Before WORLEY, Chief Judge, and RICH, MARTIN, SMITH, and ALMOND, Judges.
This appeal is from the decision of the Trademark Trial and Appeal Board affirming the examiner's refusal to register the words "The Wiener the World Awaited" as a trademark for bacon. No design features are asserted to be part of the mark although in actual use such features are sometimes employed.
The mark, as is apparent, is a slogan. It is used by The E. Kahn's Sons Company, of Cincinnati, Ohio, to promote the sale of various meat products. The instant application, serial No. 37,269, was filed September 16, 1957, to register the slogan on the Principal Register as a trademark for "sausage and bacon." The examiner's first action required that "the words `and bacon' should be cancelled from the identification." The application stands rejected solely because those words are not cancelled.

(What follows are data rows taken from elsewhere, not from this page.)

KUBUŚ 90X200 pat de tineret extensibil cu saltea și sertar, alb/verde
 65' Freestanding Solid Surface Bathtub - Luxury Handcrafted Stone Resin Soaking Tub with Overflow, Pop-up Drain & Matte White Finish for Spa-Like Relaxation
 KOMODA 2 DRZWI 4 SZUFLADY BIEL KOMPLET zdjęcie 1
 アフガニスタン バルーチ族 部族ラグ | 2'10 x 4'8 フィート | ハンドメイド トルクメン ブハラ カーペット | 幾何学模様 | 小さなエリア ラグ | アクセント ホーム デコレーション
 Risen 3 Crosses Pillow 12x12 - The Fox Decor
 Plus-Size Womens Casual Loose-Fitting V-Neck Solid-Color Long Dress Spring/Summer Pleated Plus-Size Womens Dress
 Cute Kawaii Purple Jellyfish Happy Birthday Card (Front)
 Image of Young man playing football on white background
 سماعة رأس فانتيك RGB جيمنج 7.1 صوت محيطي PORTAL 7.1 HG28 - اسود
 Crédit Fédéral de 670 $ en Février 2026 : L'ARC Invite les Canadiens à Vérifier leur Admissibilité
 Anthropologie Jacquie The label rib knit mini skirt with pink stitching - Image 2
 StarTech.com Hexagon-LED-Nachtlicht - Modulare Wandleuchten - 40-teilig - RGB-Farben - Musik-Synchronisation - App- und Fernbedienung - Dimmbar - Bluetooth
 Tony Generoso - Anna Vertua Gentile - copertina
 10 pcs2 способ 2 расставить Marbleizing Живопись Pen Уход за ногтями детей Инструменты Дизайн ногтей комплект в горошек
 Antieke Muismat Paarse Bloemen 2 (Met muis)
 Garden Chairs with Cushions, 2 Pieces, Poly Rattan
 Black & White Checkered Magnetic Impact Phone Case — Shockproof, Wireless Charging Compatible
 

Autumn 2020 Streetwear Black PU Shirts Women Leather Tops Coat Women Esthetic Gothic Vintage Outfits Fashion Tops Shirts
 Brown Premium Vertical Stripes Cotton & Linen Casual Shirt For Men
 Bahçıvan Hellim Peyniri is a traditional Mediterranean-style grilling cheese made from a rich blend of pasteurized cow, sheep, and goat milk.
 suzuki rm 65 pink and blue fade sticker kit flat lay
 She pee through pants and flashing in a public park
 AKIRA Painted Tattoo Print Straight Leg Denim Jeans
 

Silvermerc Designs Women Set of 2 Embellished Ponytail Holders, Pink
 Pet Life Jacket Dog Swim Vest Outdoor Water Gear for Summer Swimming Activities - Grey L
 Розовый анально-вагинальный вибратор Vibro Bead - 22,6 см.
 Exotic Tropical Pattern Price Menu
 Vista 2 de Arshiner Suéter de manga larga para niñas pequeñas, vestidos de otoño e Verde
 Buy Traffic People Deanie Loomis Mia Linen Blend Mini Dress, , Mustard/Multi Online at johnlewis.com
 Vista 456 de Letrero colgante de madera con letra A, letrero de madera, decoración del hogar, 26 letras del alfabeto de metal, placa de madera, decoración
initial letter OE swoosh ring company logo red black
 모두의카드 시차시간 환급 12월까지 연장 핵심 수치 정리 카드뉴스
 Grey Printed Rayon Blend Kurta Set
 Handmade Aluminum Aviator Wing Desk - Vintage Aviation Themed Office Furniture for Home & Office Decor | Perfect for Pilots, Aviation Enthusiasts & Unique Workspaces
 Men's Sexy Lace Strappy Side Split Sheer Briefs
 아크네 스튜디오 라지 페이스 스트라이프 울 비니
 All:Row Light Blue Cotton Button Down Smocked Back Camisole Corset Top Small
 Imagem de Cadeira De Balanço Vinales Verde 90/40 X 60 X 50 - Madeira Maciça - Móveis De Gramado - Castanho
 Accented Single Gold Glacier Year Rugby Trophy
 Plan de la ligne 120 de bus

The reason given for this requirement has been variously stated throughout the prosecution but has finally been taken, by both the solicitor and appellant, to be as thus stated in the examiner's answer:
"The ground for refusal is that the mark is used by applicant as part of advertising clauses calling the attention of the purchaser of applicant's bacon to the wieners which applicant sells and, as such, is not trademark use to identify applicant's bacon." [Emphasis ours.]
The sole issue before us, therefore, is whether "The Wiener the World Awaited" has been used as a trademark on or in association with appellant's bacon. There is no issue as to registrability of the mark for sausage, that apparently being conceded by the Patent Office, nor is there an issue as to secondary meaning, notwithstanding the fact four pages of the solicitor's brief are devoted to this subject.
The board said (emphasis ours):
"It is the Examiner's position that while the subject matter for registration is used as a trademark for sausage, such use as applicant has made of that term in connection with bacon has been merely to advertise applicant's wieners by calling the attention of the purchaser of applicant's bacon to the wieners which applicants [sic] also sells.
* * * * * *
"The above noted specimens [discussed below] do not evidence that applicant uses `The Wiener The World Awaited' to identify bacon and distinguish that product from similar goods of others. * * *
* * * * * *
"It is concluded that the subject matter for which registration is sought is not being used as a trademark for bacon and therefore cannot be registered as a trademark for bacon."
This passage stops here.